# Import Data

In [1]:
import pandas as pd

In [2]:
nlp_dataset = pd.read_parquet('./arxiv_nlp.parquet', engine='pyarrow')

In [3]:
cc_dataset = pd.read_parquet('./arxiv_climate_change.parquet', engine='pyarrow')

# Preprocess Data

In [4]:
import nltk
nltk.download('stopwords')
import re
import numpy as np
import gensim
from gensim.utils import simple_preprocess
import spacy

[nltk_data] Downloading package stopwords to /Users/moyi/nltk_data...
[nltk_data]   Package stopwords is already up-to-date!


In [5]:
# Prepare stopwords
# NLTK Stop words
from nltk.corpus import stopwords
stop_words = stopwords.words('english')
stop_words.extend(['from', 'subject', 're', 'edu', 'use'])

In [6]:
cc_abs = cc_dataset.abstract.values.tolist()
cc_ttl = cc_dataset.title.values.tolist()
nlp_abs = nlp_dataset.abstract.values.tolist()
nlp_ttl = nlp_dataset.title.values.tolist()

## Clean texts

In [7]:
# functions

# Tokenize words and cleanup the text
def sent_to_words(sentences):
  for sentence in sentences:
    yield(gensim.utils.simple_preprocess(str(sentence), deacc=True))            
    #deacc=True removes punctuations

# Remove Stopwords, make bigrams and lemmatize
# Define function for stopwords, bigrams, trigrams and lemmatization
def remove_stopwords(texts):
    return [[word for word in simple_preprocess(str(doc)) if word not in stop_words] for doc in texts]


def make_bigrams(texts):
    # Build the bigram model
    bigram = gensim.models.Phrases(texts, min_count=5, threshold=100) # higher threshold fewer phrases.

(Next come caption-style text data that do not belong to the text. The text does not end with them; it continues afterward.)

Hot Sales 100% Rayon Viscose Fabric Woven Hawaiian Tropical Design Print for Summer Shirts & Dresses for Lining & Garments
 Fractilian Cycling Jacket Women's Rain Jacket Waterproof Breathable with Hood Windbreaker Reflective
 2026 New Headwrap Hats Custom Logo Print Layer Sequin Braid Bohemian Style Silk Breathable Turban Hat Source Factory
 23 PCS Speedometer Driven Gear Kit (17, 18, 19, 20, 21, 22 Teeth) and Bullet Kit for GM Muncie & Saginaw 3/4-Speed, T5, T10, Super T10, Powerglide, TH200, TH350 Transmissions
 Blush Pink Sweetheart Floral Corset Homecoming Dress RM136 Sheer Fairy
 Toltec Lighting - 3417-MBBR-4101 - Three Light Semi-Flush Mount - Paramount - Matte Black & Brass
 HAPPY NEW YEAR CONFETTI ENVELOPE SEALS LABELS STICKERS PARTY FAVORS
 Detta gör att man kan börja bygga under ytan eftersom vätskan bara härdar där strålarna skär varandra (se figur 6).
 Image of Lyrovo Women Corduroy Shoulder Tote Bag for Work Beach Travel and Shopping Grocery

    # Faster way to get a sentence clubbed as a bigram
    bigram_mod = gensim.models.phrases.Phraser(bigram)
    return [bigram_mod[doc] for doc in texts]


def lemmatization(texts, allowed_postags=['NOUN', 'ADJ', 'VERB', 'ADV']):
    """https://spacy.io/api/annotation"""
    texts_out = []
    nlp = spacy.load("en_core_web_sm", disable=['parser', 'ner'])
    for sent in texts:
        doc = nlp(" ".join(sent)) 
        texts_out.append([token.lemma_ for token in doc if token.pos_ in allowed_postags])
    return texts_out


def text_preprocess(docs): 
    # docs: list of str
      
    # Remove new line characters 
    docs = [re.sub('\s+', ' ', doc) for doc in docs]  
    # Remove distracting single quotes 
    docs = [re.sub("\'", "", doc) for doc in docs]

    docs_words = list(sent_to_words(docs))

    # Call preprocessing functions in order
    # Remove Stop Words
    docs_words_nostops = remove_stopwords(docs_words)

    # Form Bigrams
    docs_words_bigrams = make_bigrams(docs_words_nostops)

    # Do lemmatization keeping only noun, adj, vb, adv
    docs_lemmatized = lemmatization(docs_words_bigrams, allowed_postags=['NOUN', 'ADJ', 'VERB', 'ADV'])

    # Create Corpus 
    docs_cleaned = docs_lemmatized
    
    return docs_cleaned

In [8]:
cc_abs_words_cleaned = text_preprocess(cc_abs)
cc_abs_cleaned = list(map(lambda x: ' '.join(x), cc_abs_words_cleaned))

In [9]:
cc_ttl_words_cleaned = text_preprocess(cc_ttl)
cc_ttl_cleaned = list(map(lambda x: ' '.join(x), cc_ttl_words_cleaned))

In [10]:
nlp_abs_words_cleaned = text_preprocess(nlp_abs)
nlp_abs_cleaned = list(map(lambda x: ' '.join(x), nlp_abs_words_cleaned))

In [11]:
nlp_ttl_words_cleaned = text_preprocess(nlp_ttl)
nlp_ttl_cleaned = list(map(lambda x: ' '.join(x), nlp_ttl_words_cleaned))

## save preprocessed data

In [12]:
import json

In [13]:
save_data_dic = {"climate_change_abstract":cc_abs_cleaned, "climate_change_title":cc_ttl_cleaned, "nlp_abstract": nlp_abs_cleaned, "nlp_title": nlp_ttl_cleaned}


In [14]:
with open("preprocessed_data.json", 'w', encoding='utf-8') as fl:
    json.dump(save_data_dic, fl, ensure_ascii=False, indent=4)